Lamunan, anda akan diajak untuk secara stabil dan bertahap ikut melamun,
ikut berimajinasi bersama Jep Gambardella.
Penonton tidak diberikan satu konflik yang kemudian harus dipikirkan apa jalan
keluarnya, kita hanya dibiarkan lepas dan masuk dalam petualangan yang absurd
mengelilingi kota Roma, dari
bangunan, lukisan, sebuah proses observasi bersama gerakan kamera yang cantik
dan indah. Struktur cerita yang ringan, tanpa narasi dan plot yang jelas, semua
seperti telah disengaja oleh Paolo
Sorrentino, karena ia ingin cerita tidak menjadi beban dan kemudian
menciptakan sebuah ruang refleksi bahkan meditasi bagi penonton hanya melalui
gambaran dari hiruk pikuk dunia luar yang mengelilingi jiwa yang telah letih
dan gelap.
Pada dasarnya The Great Beauty
hanya sebuah permainan emosional yang sederhana. Namun, keputusan untuk secara
periodik terus berpindah dari satu konflik kecil menuju konflik kecil lain pada
akhirnya membuat kita akan menemukan banyak pesan kecil yang secara mengejutkan
berhasil menggunakan kesempatan kecil mereka untuk menghujam. Sulit untuk ikut
terbuai terlalu dalam bersama imajinasi penuh pemandangan menarik dan menyilaukan
itu, karena banyak hal-hal menarik yang ia selipkan, dari yang lucu, segar,
hingga kompleks. Penonton seperti masuk kedalam sebuah proses berisikan tiga
tugas yang sesungguhnya sangat mudah, mengagumi keindahan visual, mulai
bingung, dan kemudian melakukan penilaian terhadap eksplorasi pada kehidupan
moral manusia tentang cinta serta motivasi melalui petualangan karakter
utama.
Ya, tiga bagian, dan sangat senang melihat bagaimana Paolo Sorrentino memberikan sentuhan
totalitas penuh percaya diri pada mereka, dibentuk dalam perpaduan komposisi
yang renyah dan halus, absurd namun terus terkendali. Ketiganya seperti
dicanangkan untuk berdiri sejajar, yang juga menjadikan sulitnya bagi rasa
bosan hadir ketika penonton telah klik dengan irama yang mereka hadirkan,
menyaksikan kekacauan batin dari jiwa yang sedang berada dalam dilema dan
frustasi penuh kekecewaan pada kehidupannya, dan perlahan mulai menemukan
jawaban dari semua pertanyaan yang ia punya, yang hebatnya hadir dengan cara
yang cerdik dan menyenangkan tanpa terkesan menggurui yang juga tidak pernah
lupa dengan sentuhan humor implisit.
Cinematography yang indah dan penuh energi, ditemani perpaduan musik dan
score yang menyuntikkan nyawa kedalam cerita yang bergerak dalam alur
menyenangkan, kemudian editing yang halus, segi teknis The Great Beauty adalah kemasan yang memikat. Namun Toni Servillo
adalah kunci lain kekuatan film ini. Performanya memang tidak megah, namun
hadir karisma, ada sosok yang bersahaja dalam diri Jep Gambardella, semua berkat kemampuan Toni Servillo bermain
bersama tekanan kompleks dan sisi emosi yang ia miliki dengan cara yang anggun.

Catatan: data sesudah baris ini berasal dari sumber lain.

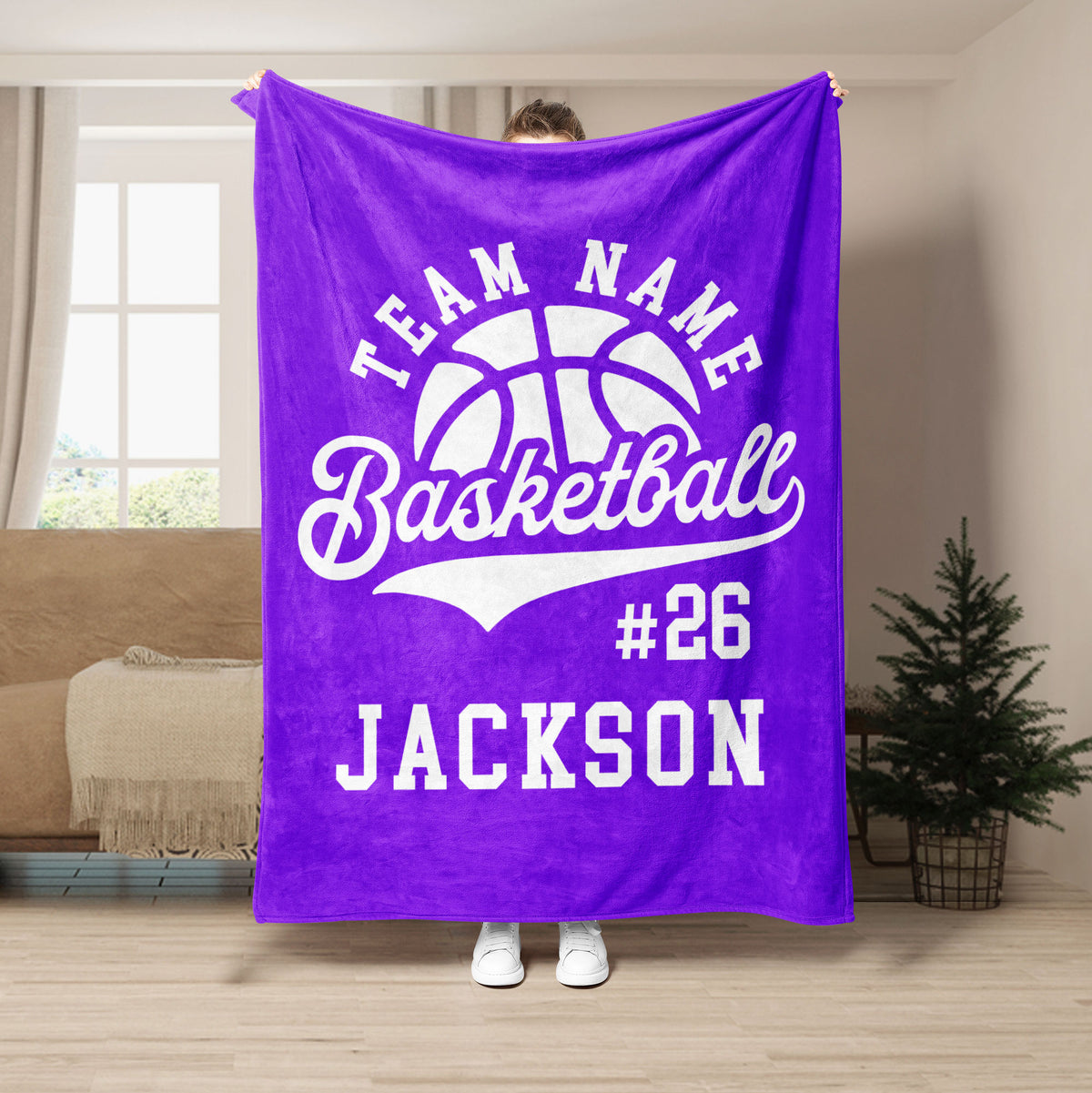 Purple basketball throw blanket displayed in a living room with bold white basketball artwork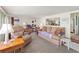 Welcoming living room featuring comfortable furniture, warm lighting, and an open layout at 508 50Th Avenue W Plz, Bradenton, FL 34207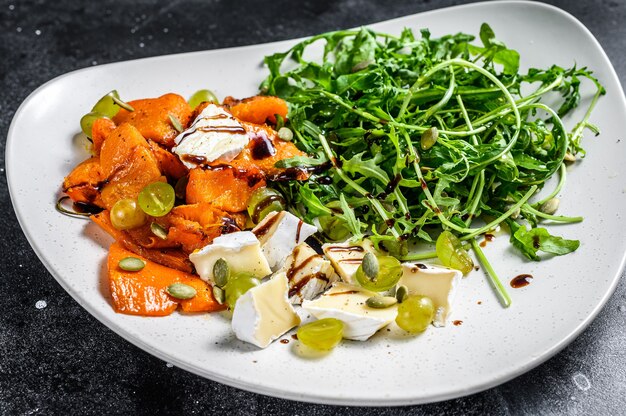 Grilled pumpkin warm salad with arugula, walnuts, and brie cheese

Begitupula dengan chemistry yang ia bangun bersama Sabrina Ferilli (Romanisti pasti ingat wanita ini), efektif.
Overall, The Great Beauty (La
grande bellezza) adalah film yang memuaskan. Ini adalah sebuah film angkuh
dan percaya diri penuh sentuhan estetika yang menyenangkan. Ini adalah seni
fotografi, ketika visual menjadi representasi kompleksitas kehidupan emosional
manusia. Terjebak dalam kebingungan,
tanpa overthinking, cukup buka mata, dan nikmati.